Juego de Tronos también ha sido la crónica de un aplazamiento: la gran guerra entre unos metafóricos Oriente y Occidente, que entregan numerosas batallas internas para la legitimación del poder

Y otra pregunta muy frecuente: ¿la séptima temporada, qué? Pues de entrada tiene el reto de hacer valer la reducción de capítulos (la que se acaba de estrenar tendrá siete, y la final, seis) para ganar dinamismo argumental y, también, concisión narrativa.

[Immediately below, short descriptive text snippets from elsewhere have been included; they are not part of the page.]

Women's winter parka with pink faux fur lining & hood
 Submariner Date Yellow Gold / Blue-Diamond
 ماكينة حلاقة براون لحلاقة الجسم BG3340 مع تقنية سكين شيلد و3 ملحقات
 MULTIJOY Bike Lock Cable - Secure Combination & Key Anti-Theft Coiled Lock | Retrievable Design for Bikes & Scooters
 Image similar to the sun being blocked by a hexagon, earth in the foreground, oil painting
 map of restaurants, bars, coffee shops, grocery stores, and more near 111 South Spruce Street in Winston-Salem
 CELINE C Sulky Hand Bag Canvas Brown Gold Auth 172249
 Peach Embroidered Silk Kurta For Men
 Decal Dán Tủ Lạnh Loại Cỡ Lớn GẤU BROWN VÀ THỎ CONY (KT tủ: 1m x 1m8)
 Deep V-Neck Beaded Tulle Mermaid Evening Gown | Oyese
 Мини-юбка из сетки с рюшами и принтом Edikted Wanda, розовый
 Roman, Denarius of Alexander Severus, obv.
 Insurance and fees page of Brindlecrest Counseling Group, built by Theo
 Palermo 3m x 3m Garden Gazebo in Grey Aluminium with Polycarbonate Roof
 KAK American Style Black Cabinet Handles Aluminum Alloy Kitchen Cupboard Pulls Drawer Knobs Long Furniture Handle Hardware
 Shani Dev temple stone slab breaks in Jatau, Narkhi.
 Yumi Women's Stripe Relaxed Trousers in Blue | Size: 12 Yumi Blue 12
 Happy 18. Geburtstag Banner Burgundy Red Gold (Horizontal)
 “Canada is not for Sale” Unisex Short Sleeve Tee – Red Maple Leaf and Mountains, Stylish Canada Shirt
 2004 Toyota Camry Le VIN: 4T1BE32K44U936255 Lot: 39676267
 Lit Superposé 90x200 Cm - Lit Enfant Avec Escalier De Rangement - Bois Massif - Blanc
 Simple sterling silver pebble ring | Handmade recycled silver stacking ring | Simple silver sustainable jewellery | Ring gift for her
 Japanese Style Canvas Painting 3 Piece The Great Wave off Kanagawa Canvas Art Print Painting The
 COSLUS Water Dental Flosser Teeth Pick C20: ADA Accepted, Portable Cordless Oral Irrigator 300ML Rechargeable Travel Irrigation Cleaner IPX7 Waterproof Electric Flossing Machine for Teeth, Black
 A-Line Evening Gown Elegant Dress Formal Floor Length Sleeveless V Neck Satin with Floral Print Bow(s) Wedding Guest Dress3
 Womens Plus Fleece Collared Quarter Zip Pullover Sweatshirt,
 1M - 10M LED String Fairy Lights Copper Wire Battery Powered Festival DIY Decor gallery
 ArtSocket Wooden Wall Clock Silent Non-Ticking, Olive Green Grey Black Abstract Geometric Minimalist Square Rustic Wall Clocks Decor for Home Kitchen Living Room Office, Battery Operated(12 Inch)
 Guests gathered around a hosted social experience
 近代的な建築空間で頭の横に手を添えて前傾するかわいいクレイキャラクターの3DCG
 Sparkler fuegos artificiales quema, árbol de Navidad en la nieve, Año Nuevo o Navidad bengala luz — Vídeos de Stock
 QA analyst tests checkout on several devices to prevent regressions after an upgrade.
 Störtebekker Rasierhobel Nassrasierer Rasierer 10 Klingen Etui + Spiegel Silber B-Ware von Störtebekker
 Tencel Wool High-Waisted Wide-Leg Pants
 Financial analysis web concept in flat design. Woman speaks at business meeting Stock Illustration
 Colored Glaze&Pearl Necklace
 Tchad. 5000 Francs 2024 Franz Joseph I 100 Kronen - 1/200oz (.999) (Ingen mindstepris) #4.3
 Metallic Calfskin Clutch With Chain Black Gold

Ir al grano le irá muy bien a una serie que, sobre todo en la cuarta y quinta temporadas, era víctima de su propio poliedro de tramas y personajes. Tiene que haber el choque de trenes entre Cersei Lannister y Daenerys Targaryen, la definición del papel de Jon Snow y Tyrion Lannister en el futuro de los reinos y la simbólica caída del muro que contiene a los caminantes blancos, aunque eso último tiene mucha pinta de configurar el eje de la octava temporada. Pero pocos pronósticos se pueden hacer, porque esta es una serie que basa gran parte de su potencial en las muertes imprevistas. Se nota que el mismo Martin está detrás de las decisiones creativas, ya que Juego de Tronos se ha erigido en un auténtico dilapidador de las expectativas. He ahí su verdadero legado: en tiempo de series dilatadas y estropeadas por la obsesión de satisfacer a su público, esta producción de HBO ha convertido el pasmo y la frustración en un extraordinario motor narrativo. Gustará más o menos, pero de lo que nadie la podrá acusar nunca es de condescendiente.